Verdade ou Consequência? – Um filme de Sofia Marques com Luís Miguel Cintra

Rafael FonsecaSetembro 3, 2024

Há um conto de Jorge Luis Borges, chamado “A Morte e Bússola”, que é passado na velha e vazia mansão de Triste-Le-Roy – digo na velha mansão e não numa velha mansão, pois tanto quanto sei talvez só exista esta única mansão em Triste-Le-Roy – curiosamente – e não acidentalmente, pois não creio que tenha havido acidente algum, a mesma onde Víctor Erice situou recentemente o seu filme Cerrar Los Ojos , a mesma Triste-Le-Roy, com o busto de Hermes bifucardo, a chuva. O conto é um policial. Acompanha um detective, um “raciocinador”, que encontra em três assassinatos simétricos no espaço e no tempo uma geometria cabalística, e a certeza de um quarto ponto, localizado na mansão. Ao chegar, é-nos revelado que todo o mistério foi criado (foi posto em evidência, ou, para me aproximar do Genet que cita Luís Miguel Cintra, apareceu) para o levar a ele, o investigador, àquele ponto no espaço, para a concretização de uma vingança.
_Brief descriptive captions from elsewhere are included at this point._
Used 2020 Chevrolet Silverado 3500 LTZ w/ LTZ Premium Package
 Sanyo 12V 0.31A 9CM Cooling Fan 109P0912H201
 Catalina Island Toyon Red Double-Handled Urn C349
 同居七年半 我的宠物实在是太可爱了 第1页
Antes de ser morto, profere assim ao seu assassino:

No seu labirinto sobram três linhas. Eu sei de um labirinto grego que é uma linha única, recta. (…) quando noutra reencarnação você me der caça, finja (ou cometa) um crime em A, depois um segundo crime em B, a oito quilómetros de A, a seguir um terceiro crime em C, a quatro quilómetros de A e de B, a meio caminho entre os dois. Espere-me depois em D, a dois quilómetros de A e de C, de novo a meio caminho. Mate-me em D, tal como agora vai-me matar em Triste-le-Roy.

O seu homicida, o pistoleiro Scharlach, responde: Para a outra vez que o matar, prometo-lhe esse labirinto que consta só de uma linha reta e que é invisível, incessante.
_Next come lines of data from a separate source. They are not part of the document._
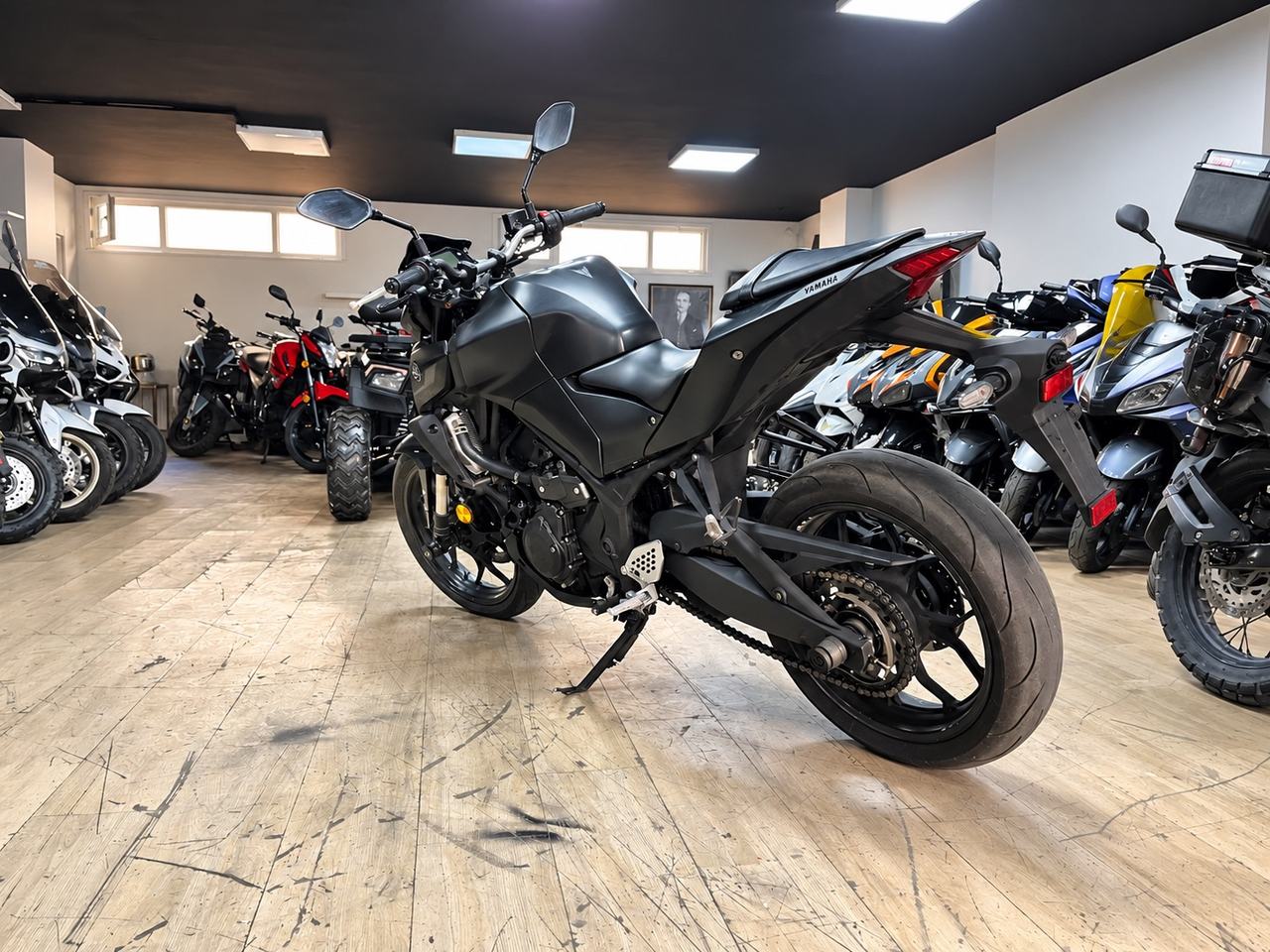 Yamaha MT-25 6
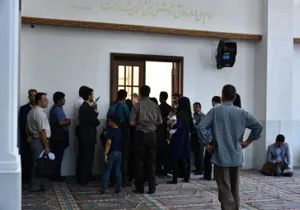 ملاقات مردمی وعمومی دکتر صومی ریاست دانشگاه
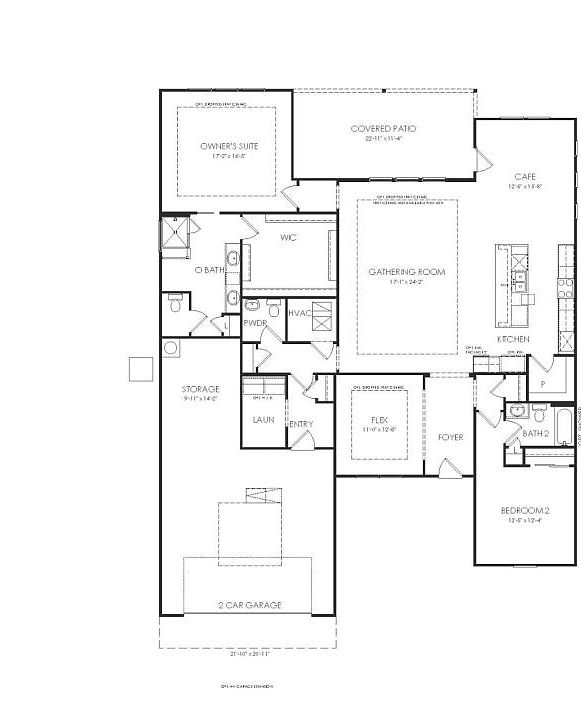 First Floor 2 br 2.5 ba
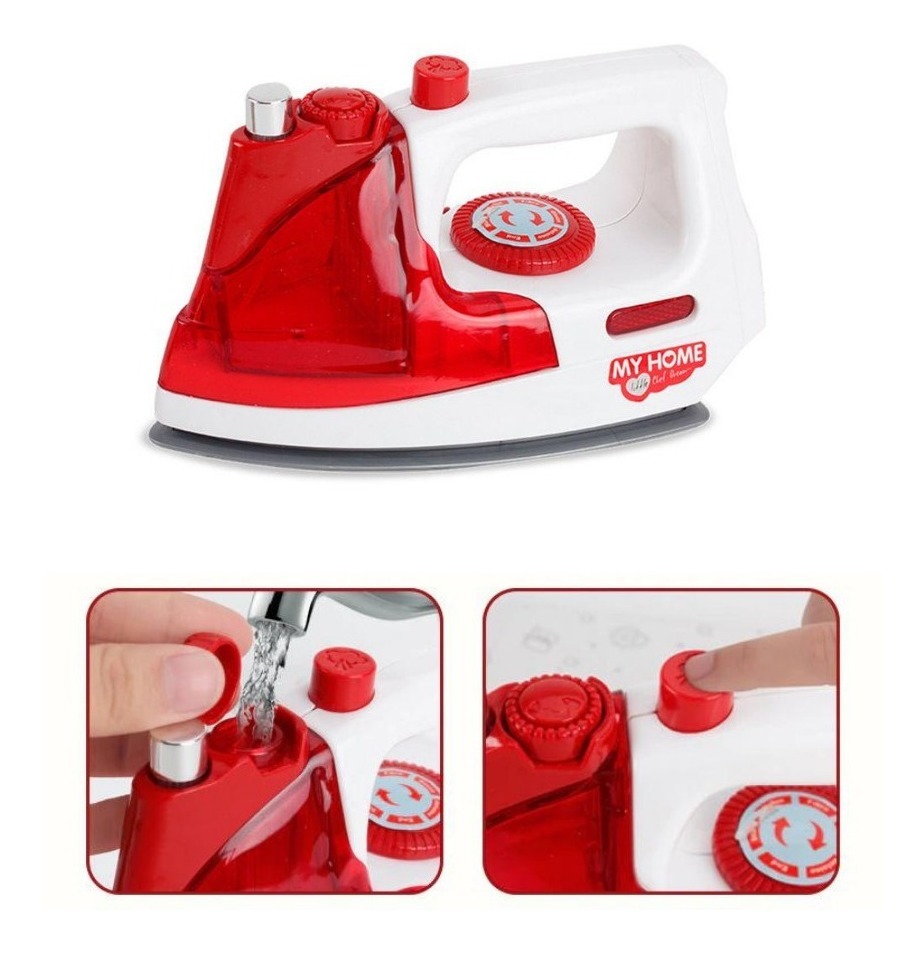 Plancha De Juguete Utensilios Para Niños Con Luz Y Sonido: imagen 2
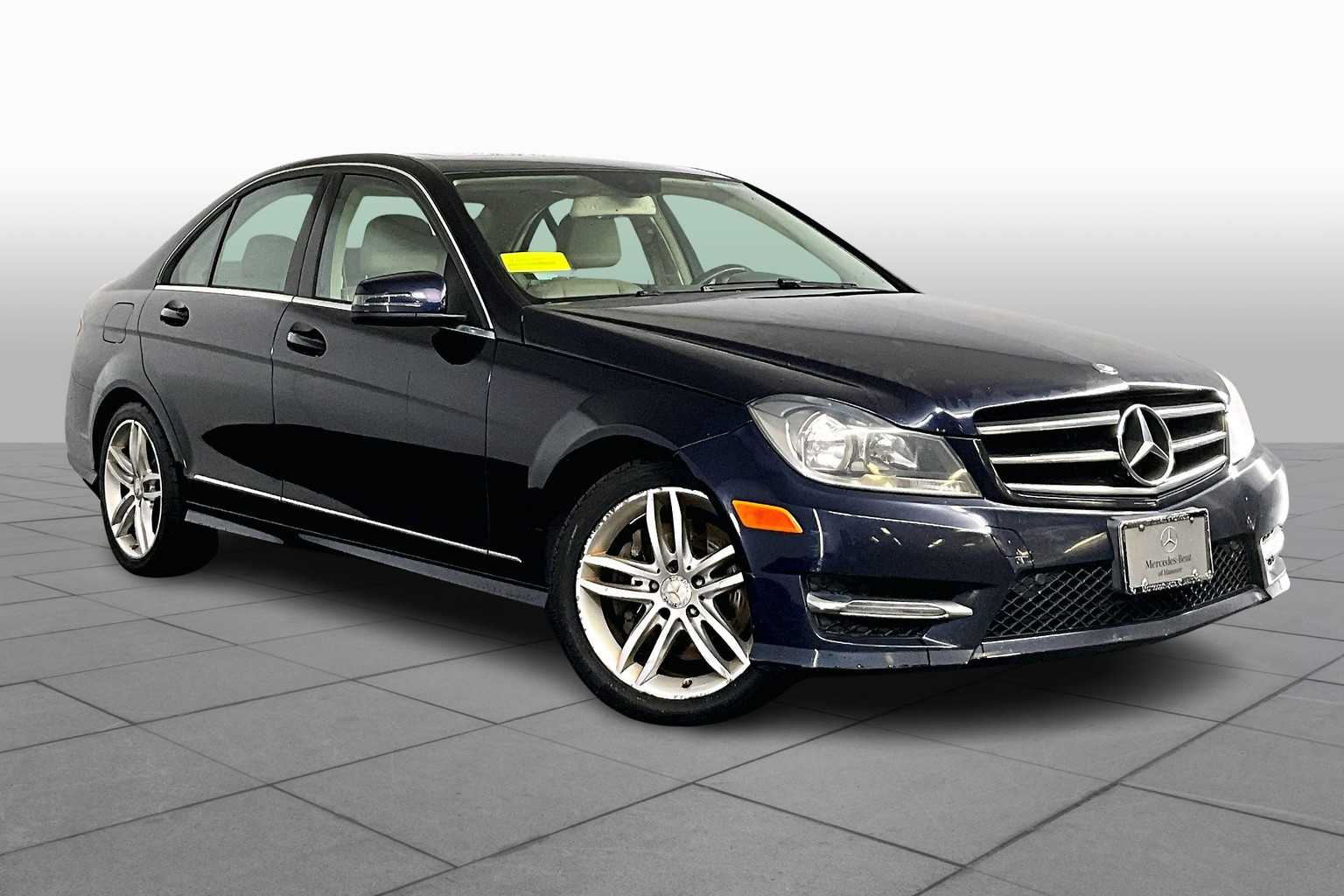 Used 2014 Mercedes-Benz C-Class C300 Sport with VIN WDDGF8AB0EA915188 for sale in Hanover, MA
Este labirinto urdido, por nós, pelo nosso assassino. Para conduzir ao quê? Ao conto de Borges pertence uma introspecção privada minha, mas ressoavam em mim as palavras do argentino durante os primeiros compassos de Verdade ou Consequência, de Sofia Marques.

O filme, é-nos indicado, trata-se de um retrato de intimidade e convivência entre a actriz e realizadora e o seu amigo, actor, Luís Miguel Cintra, um filme do presente, rodado e composto por imagens dos últimos cinco anos, longe de intenções de um objecto biográfico inevitavelmente menor estilo “vida e obra”, menor pois quando se fazem esses filmes eles são invariavelmente mais impessoais, invariavelmente menos interessantes. Isto é sublinhado, e é importante: o filme é um retrato de agora. As fotografias de família e os excertos da obra passada não são “inseridos” no filme para a nossa visualização pessoal, mas sim vistos por meio de impressões em folhas A4 nas mãos de Luís, ou no Youtube aberto no seu computador pessoal. É uma forma de estarmos com ele a ver, na sua casa, com 75 anos, e não num éter arquivista do “completo”. No único momento a que assistimos a um gesto de grande abarcamento do trabalho de Luís Miguel Cintra na Cornucópia, as fotografias de cena no ecrã são passadas em silêncio, rapidamente, uma ou mais por segundo, sem banda sonora, sem conversa, num dos momentos mais belos do documentário.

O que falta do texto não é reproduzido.